Stored items from a collection:
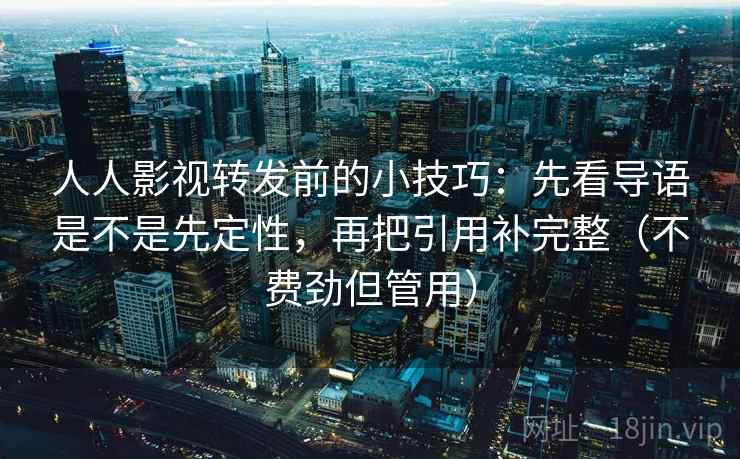 人人影视转发前的小技巧：先看导语是不是先定性，再把引用补完整（不费劲但管用）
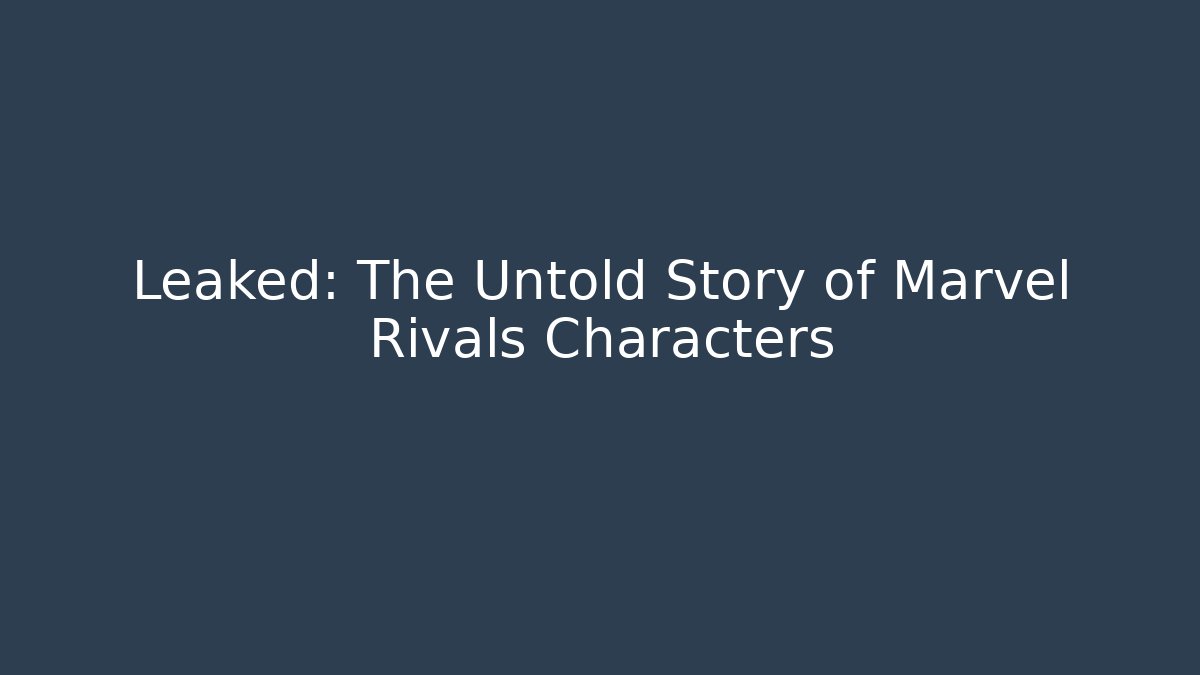 Leaked: The Untold Story of Marvel Rivals Characters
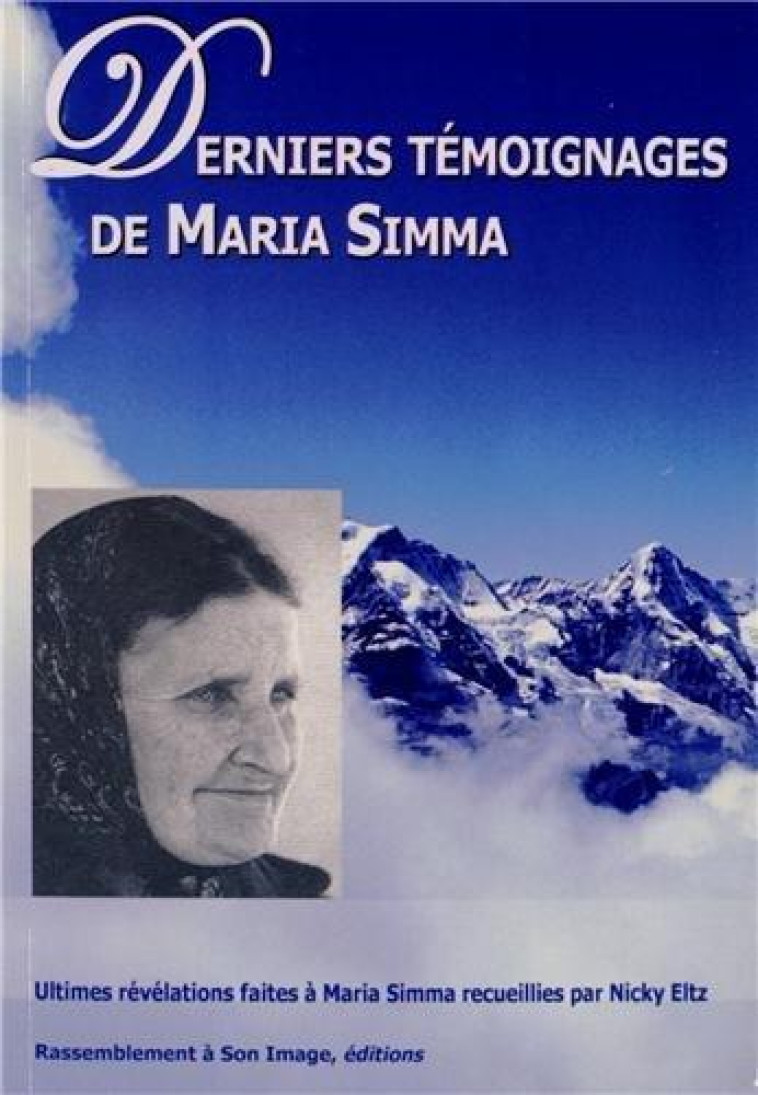 DERNIERS TEMOIGNAGES DE MARIA SIMMA - MARIA SIMMA - Rassemblement à son image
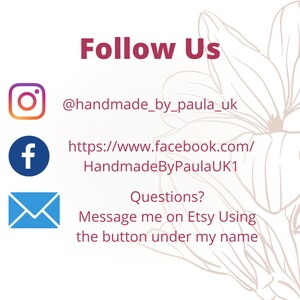 K&ouml;nnte beinhalten: Folge uns in den sozialen Medien: Instagram @handmade_by_paula_uk, Facebook HandmadeByPaulaUK1. Fragen? Schreibe mir eine Nachricht auf Etsy &uuml;ber den Button unter meinem Namen.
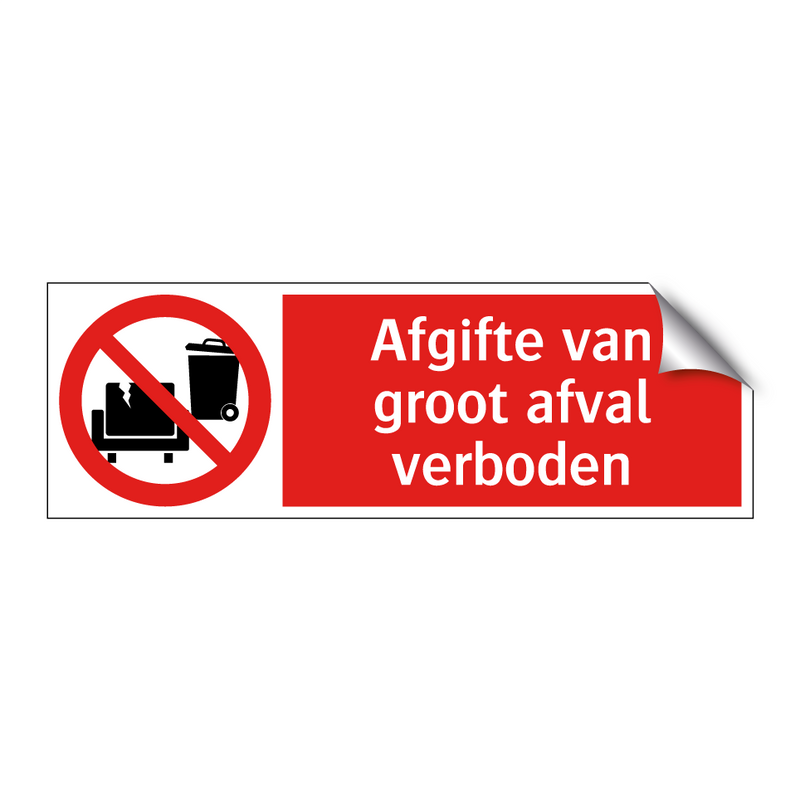 Afgifte van groot afval verboden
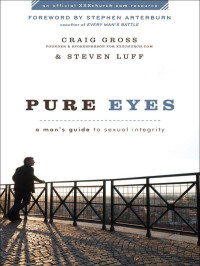 Craig Gross & Steven Luff & Stephen Arterburn [Gross, Craig & Luff, Steven & Arterburn, Stephen] — Pure Eyes: A Man's Guide to Sexual Integrity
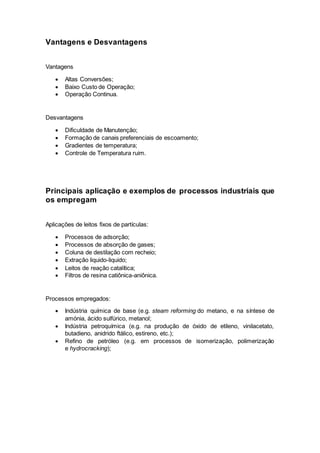 Vantagens e Desvantagens
Vantagens
 Altas Conversões;
 Baixo Custo de Operação;
 Operação Continua.
Desvantagens
 Dificuldade de Manutenção;
 Formação de canais preferenciais de escoamento;
 Gradientes de temperatura;
 Controle de Temperatura ruim.
Principais aplicação e exemplos de processos industriais que
os empregam
Aplicações de leitos fixos de partículas:
 Processos de adsorção;
 Processos de absorção de gases;
 Coluna de destilação com recheio;
 Extração liquido-liquido;
 Leitos de reação catalítica;
 Filtros de resina catiônica-aniônica.
Processos empregados:
 Indústria química de base (e.g. steam reforming do metano, e na síntese de
amónia, ácido sulfúrico, metanol;
 Indústria petroquímica (e.g. na produção de óxido de etileno, vinilacetato,
butadieno, anidrido ftálico, estireno, etc.);
 Refino de petróleo (e.g. em processos de isomerização, polimerização
e hydrocracking);
 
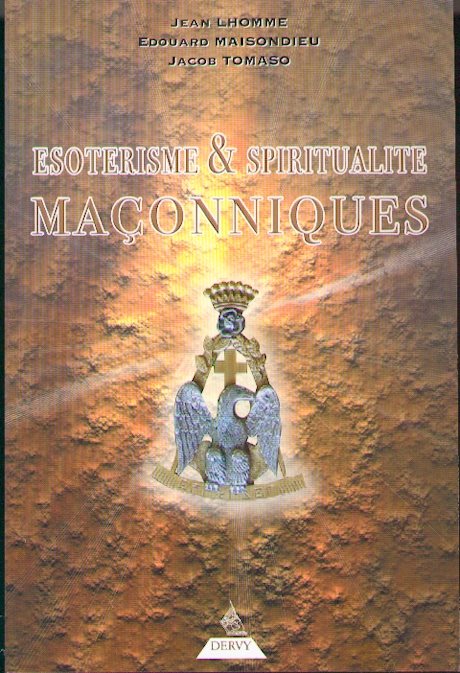 Couverture du livre Ésotérisme et spiritualité maçonniques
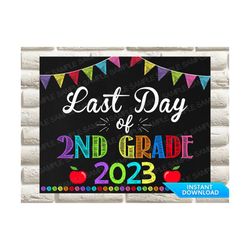 Last Day of 2nd Grade Sign, Last day of Second Grade Sign Chalkboard, Last Day of School Sign, Last Day of School Chalkb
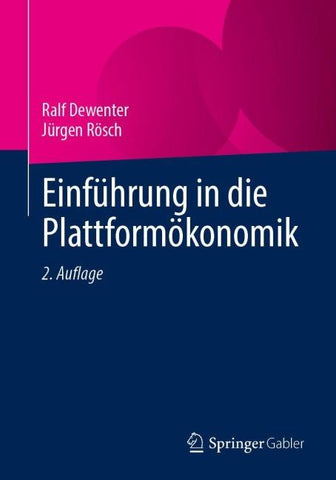 Einführung in die Plattformökonomik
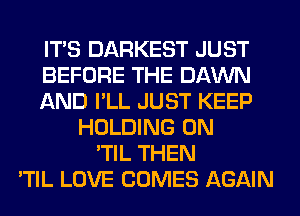 ITS DARKEST JUST
BEFORE THE DAWN
AND I'LL JUST KEEP
HOLDING 0N
'TIL THEN
'TIL LOVE COMES AGAIN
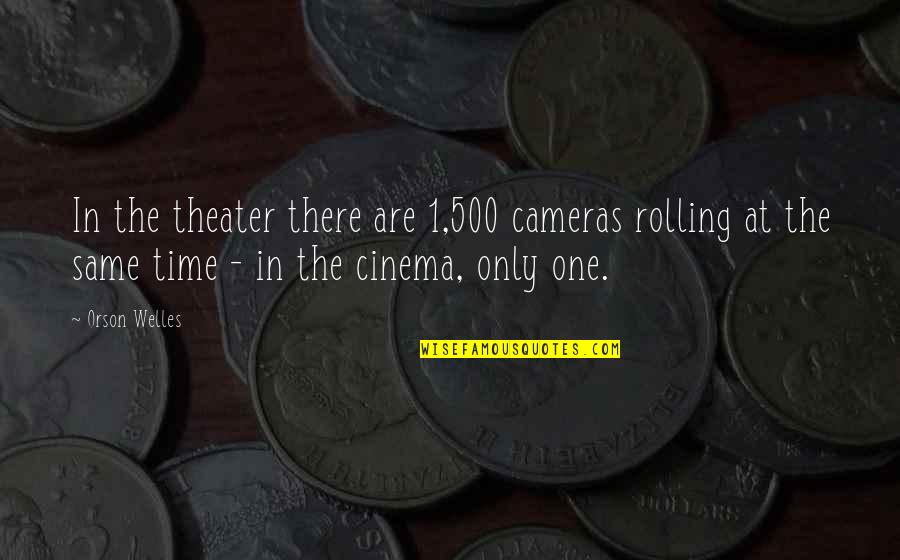 Cameras Quotes By Orson Welles: In the theater there are 1,500 cameras rolling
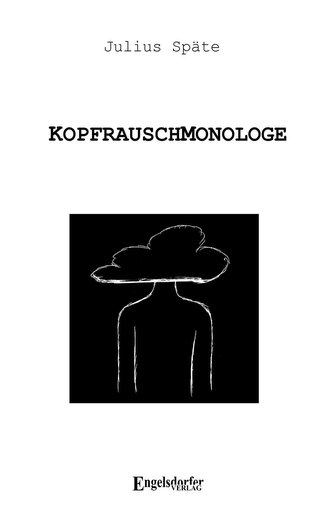Kopfrauschmonologe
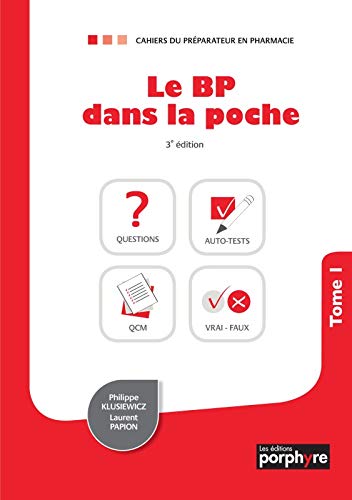 LE BP DANS LA POCHE TOME 1, 3E ED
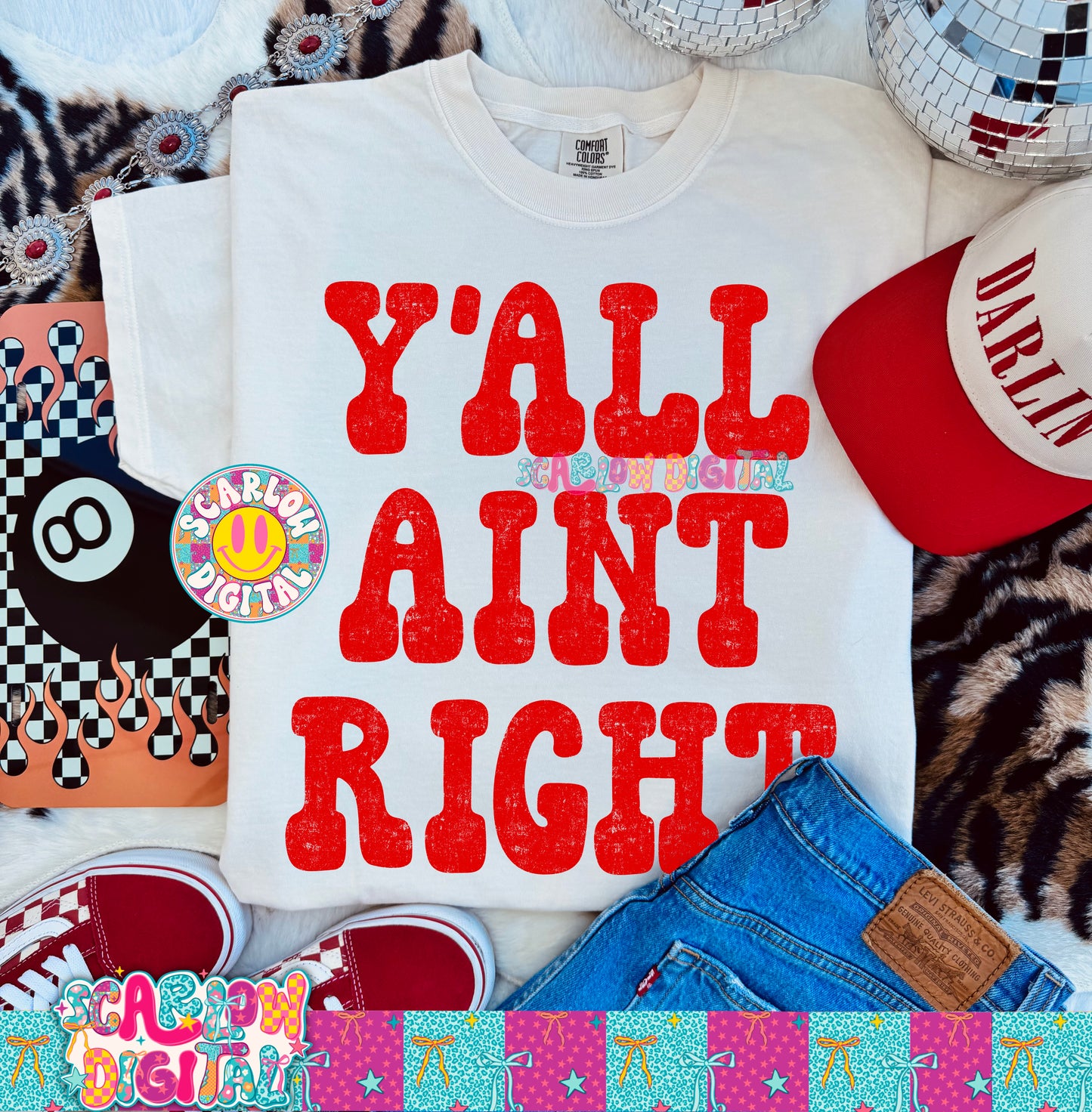 Y'all Ain't Right PNG Digital Design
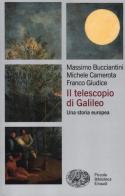 Il telescopio di Galileo. Una storia europea di Massimo Bucciantini, Michele Camerota, Franco Giudice edito da Einaudi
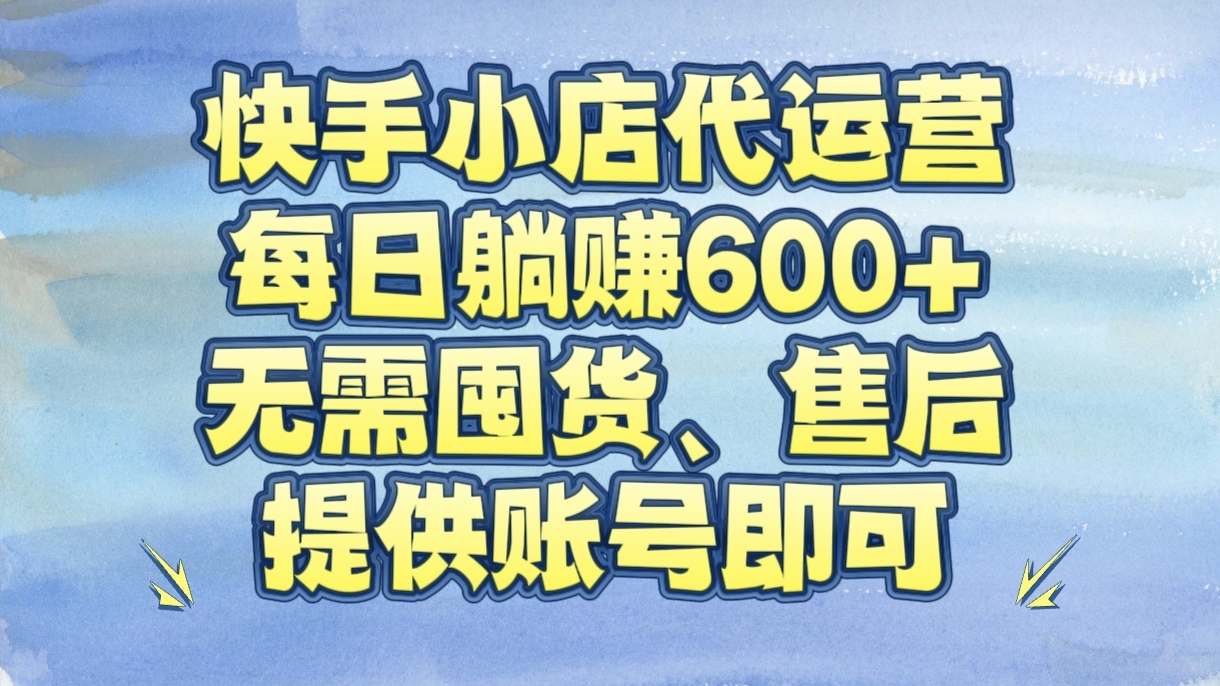 快手小店代运营，每日躺赚600+，无需囤货、售后，提供账号即可小鳄启创-网创项目资源站-副业项目-创业项目-搞钱项目小鳄启创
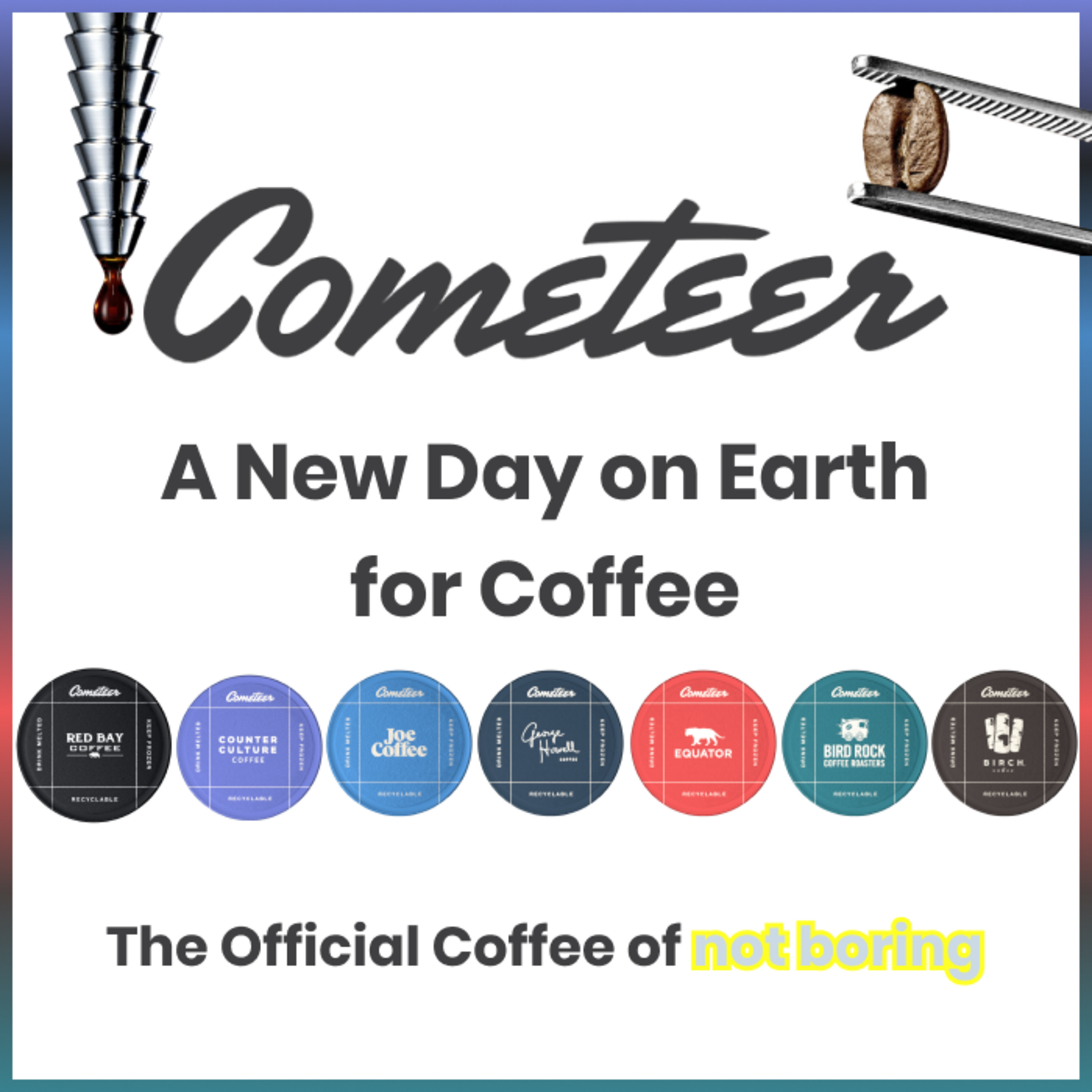Cometeer: A New Day on Earth for Coffee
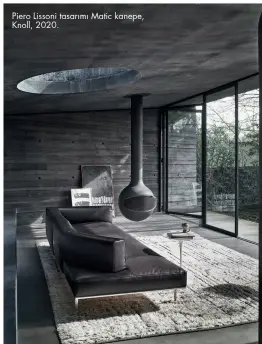  ??  ?? Piero Lissoni tasarımı Matic kanepe, Knoll, 2020.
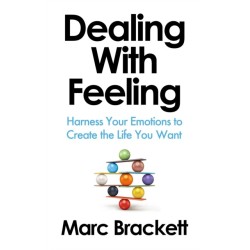 Dealing with Feeling: Harness Your Emotions to Create the Life You Want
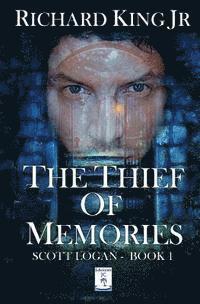 bokomslag The Thief Of Memories: Scott Logan Book 1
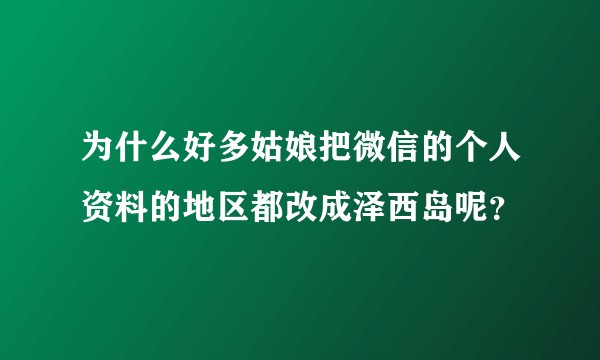 为什么好多姑娘把微信的个人资料的地区都改成泽西岛呢？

# [YOUR TASK]
What do the entries above read from the line containing "Cameras Quotes By" through the line containing "Il telescopio di"? Output those lines exactly, both ends included, with the pictures left out.

# [SOLUTION TO THIS EXERCISE]
 Cameras Quotes By Orson Welles: In the theater there are 1,500 cameras rolling
Kopfrauschmonologe
 LE BP DANS LA POCHE TOME 1, 3E ED
 Y'all Ain't Right PNG Digital Design
 Il telescopio di Galileo. Una storia europea di Massimo Bucciantini, Michele Camerota, Franco Giudice edito da Einaudi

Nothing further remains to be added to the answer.